Вальдхаузен подобрал под себя ноги, в четверть оборота наклонил торс в мою сторону, облокотившись подобно мыслителю Родена о колено и опирая подбородок о кулак. Иногда вдруг понимаешь, что по крайней мере один из двух собеседников тронулся умом, или же приходится снова менять представления о жизни. Я не нашёлся, что возразить.

– Это всё так неправдоподобно... – Как в костёр подбрасывают дрова, я поддержал беседу осторожным вопросом: – Ну, хорошо, а что держит вас здесь, то есть не даёт возможности спуститься к автостраде и уехать в город?

В глазах лесника разгоралось пламя.

– Ах, вот что вас смущает. Представьте себе, что грамотного человека выбрасывает на остров, населённый миролюбивыми туземцами, находящимися на ранней стадии развития. Человеку повезло, с ним на сушу попадает сундук с книгами, чернилами и бумагой. Так вот, пришелец в земле добродушных дикарей, он может построить дом, создать семью, даже стать вождём, но никогда он не расстанется с частью своего мира, будет без конца перелистывать книги и писать дневники. А я, признаться, являюсь и порождением, и частью призрачного леса, и мне тоскливо за его пределами. Что, впрочем, не мешает иногда мотаться в город, обходить границы леса, стрелять по белкам и непрошеным гостям.
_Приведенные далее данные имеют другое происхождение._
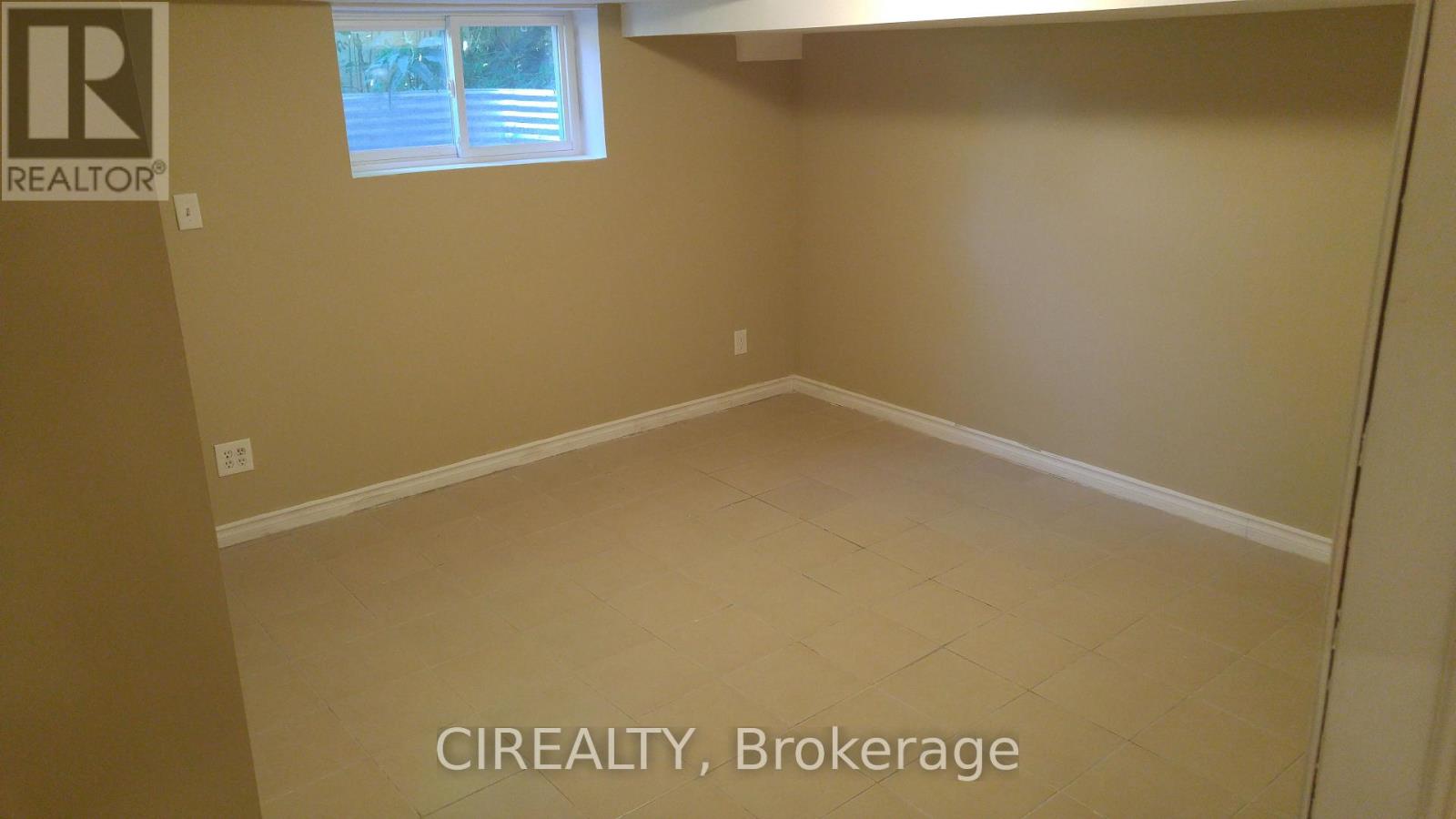 Lower - 31 Bailey Crescent, Aurora, Ontario  L4G 2B2 - Photo 4 - N12736024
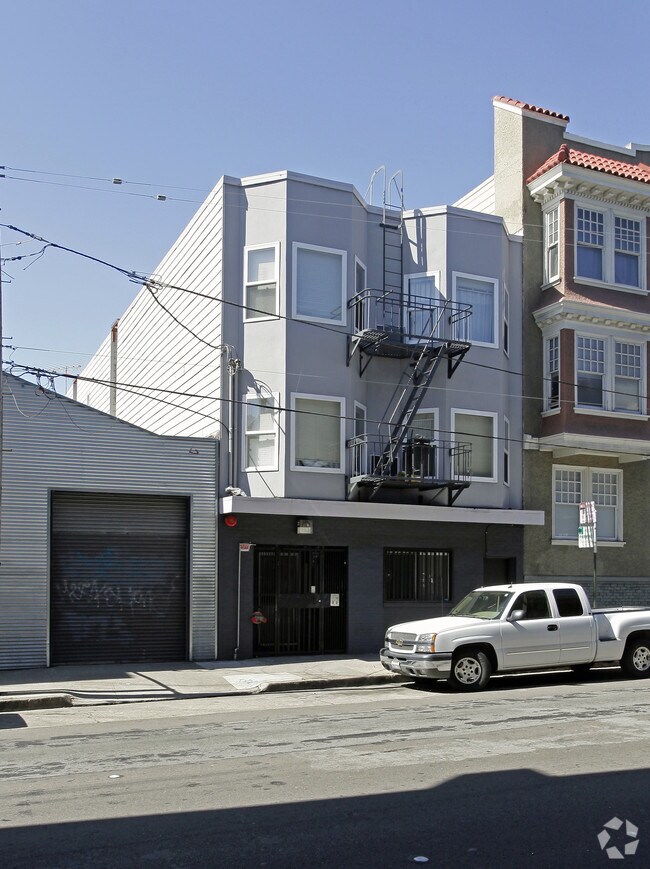Primary Photo - 25 Duboce Ave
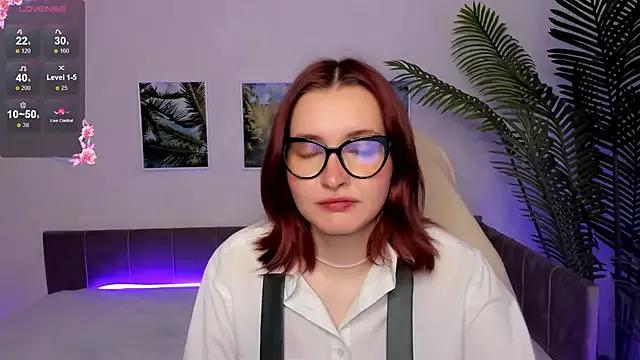 Girls: discover live performances with matured cam models, from teasing to fixations, in a variety of stunning live sex cams.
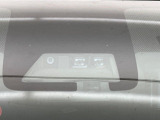 【トヨタセーフティセンス】走行中に前方の車両等を認識し、衝突しそうな時は警報とブレーキで衝突回避と被害軽減をアシスト。より安全にドライブをお楽しみいただけます。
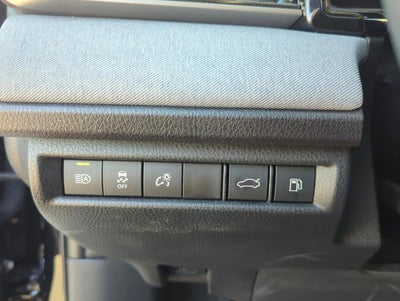 2025 Toyota Camry LE (SE)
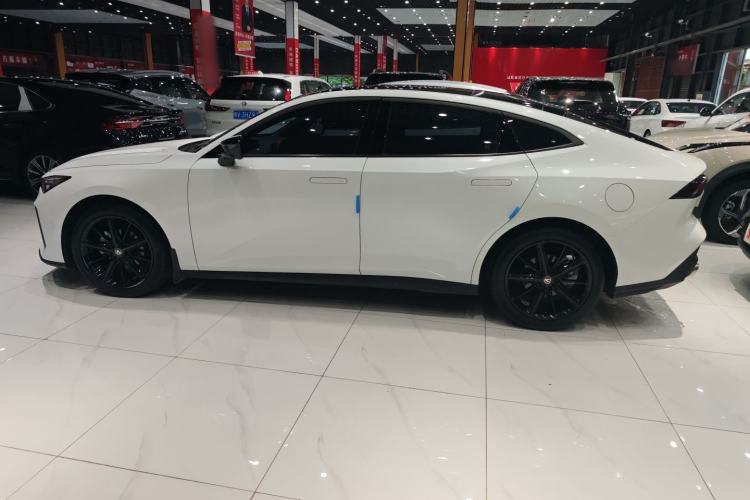 Used CHANGAN UNI-V 2023 1.5T Prestige Model Exterior 6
Вальдхаузен поднимается, подходит к столу, подбирает ружьё и, доводя процесс до конца, его заряжает.

– Теперь-то вы понимаете, какими могут быть марсианские экспедиции и что такое опустошение?

– Да, конечно, – сказал я, вдруг почувствовав себя неуютно.

И на всякий случай исчез.

-----
* Плыть – необходимо, жить – необязательно (лат.).